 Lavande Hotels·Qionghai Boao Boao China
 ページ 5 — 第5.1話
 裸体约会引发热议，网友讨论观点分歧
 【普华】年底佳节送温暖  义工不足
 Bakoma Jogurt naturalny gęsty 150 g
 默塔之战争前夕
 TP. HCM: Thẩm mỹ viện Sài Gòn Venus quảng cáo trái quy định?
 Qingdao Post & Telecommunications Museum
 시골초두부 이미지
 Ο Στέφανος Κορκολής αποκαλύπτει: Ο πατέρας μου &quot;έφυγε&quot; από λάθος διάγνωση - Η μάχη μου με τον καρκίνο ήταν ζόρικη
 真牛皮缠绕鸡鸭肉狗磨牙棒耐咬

::::

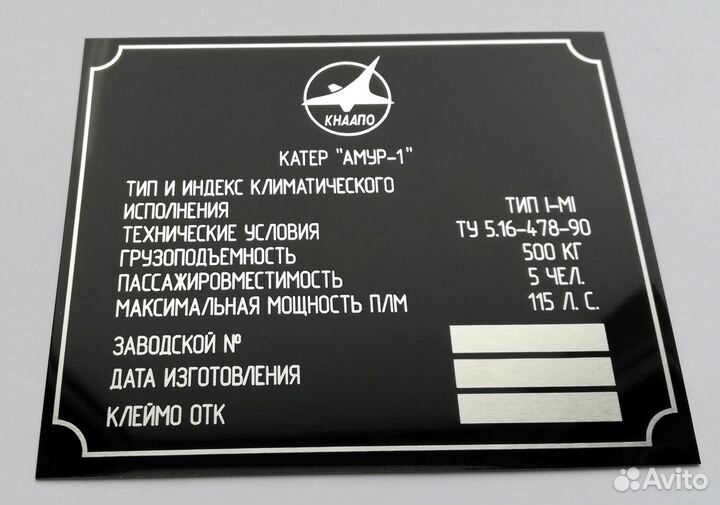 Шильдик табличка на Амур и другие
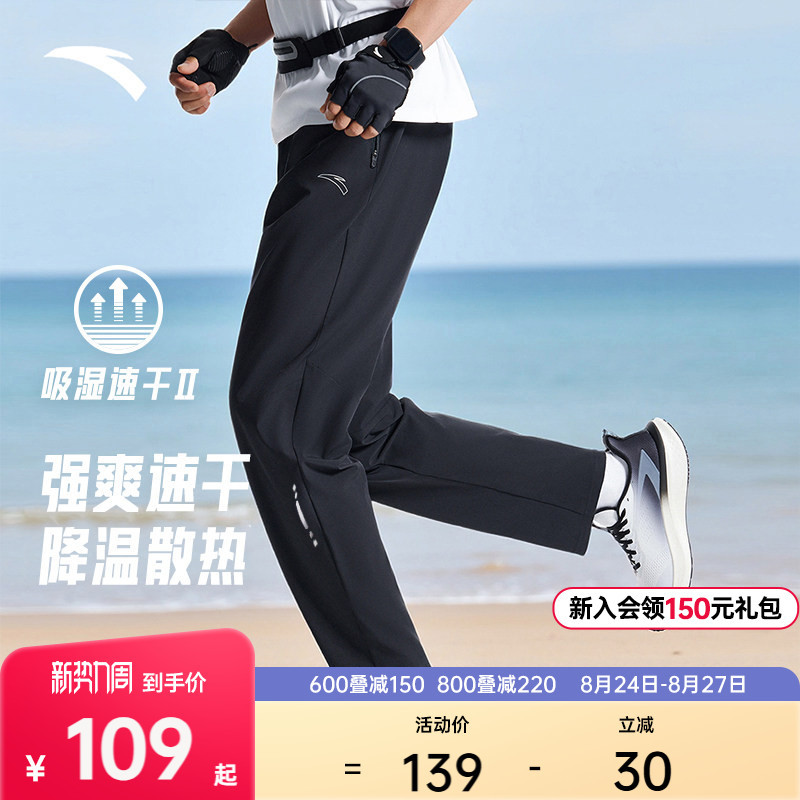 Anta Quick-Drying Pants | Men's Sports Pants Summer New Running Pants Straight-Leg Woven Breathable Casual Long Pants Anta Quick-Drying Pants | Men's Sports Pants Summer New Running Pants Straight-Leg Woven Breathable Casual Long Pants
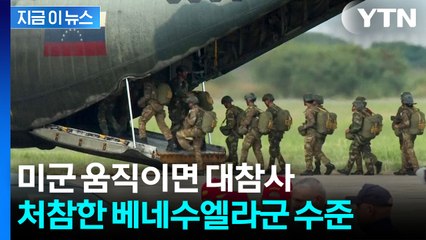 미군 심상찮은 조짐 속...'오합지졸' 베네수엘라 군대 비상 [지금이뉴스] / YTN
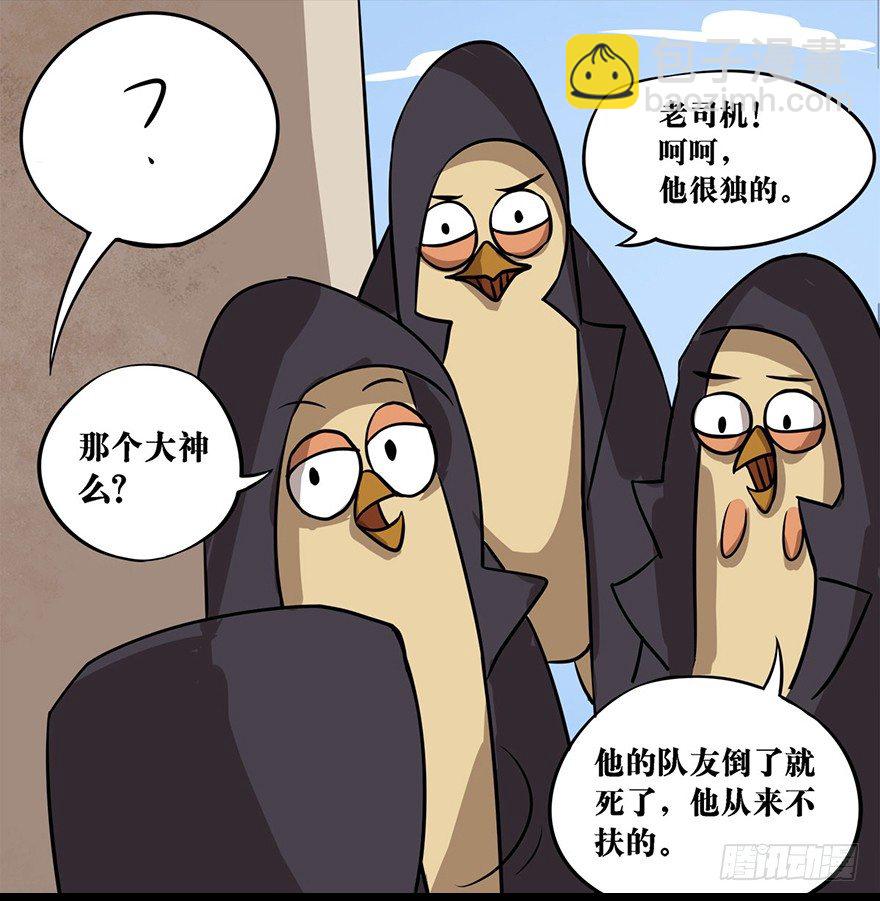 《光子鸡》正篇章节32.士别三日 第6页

::::

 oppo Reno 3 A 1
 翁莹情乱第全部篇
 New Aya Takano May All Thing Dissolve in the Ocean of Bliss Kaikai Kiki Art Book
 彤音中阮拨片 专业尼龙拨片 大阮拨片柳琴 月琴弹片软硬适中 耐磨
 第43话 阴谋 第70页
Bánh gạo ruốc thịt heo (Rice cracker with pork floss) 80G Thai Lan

::::

**Task directions**
Repeat, character for character, the lines of the material above from the line with "第43话 阴谋 第70页" through the line with "Bánh gạo ruốc".

**Solved problem**
 第43话 阴谋 第70页
Bánh gạo ruốc thịt heo (Rice cracker with pork floss) 80G Thai Lan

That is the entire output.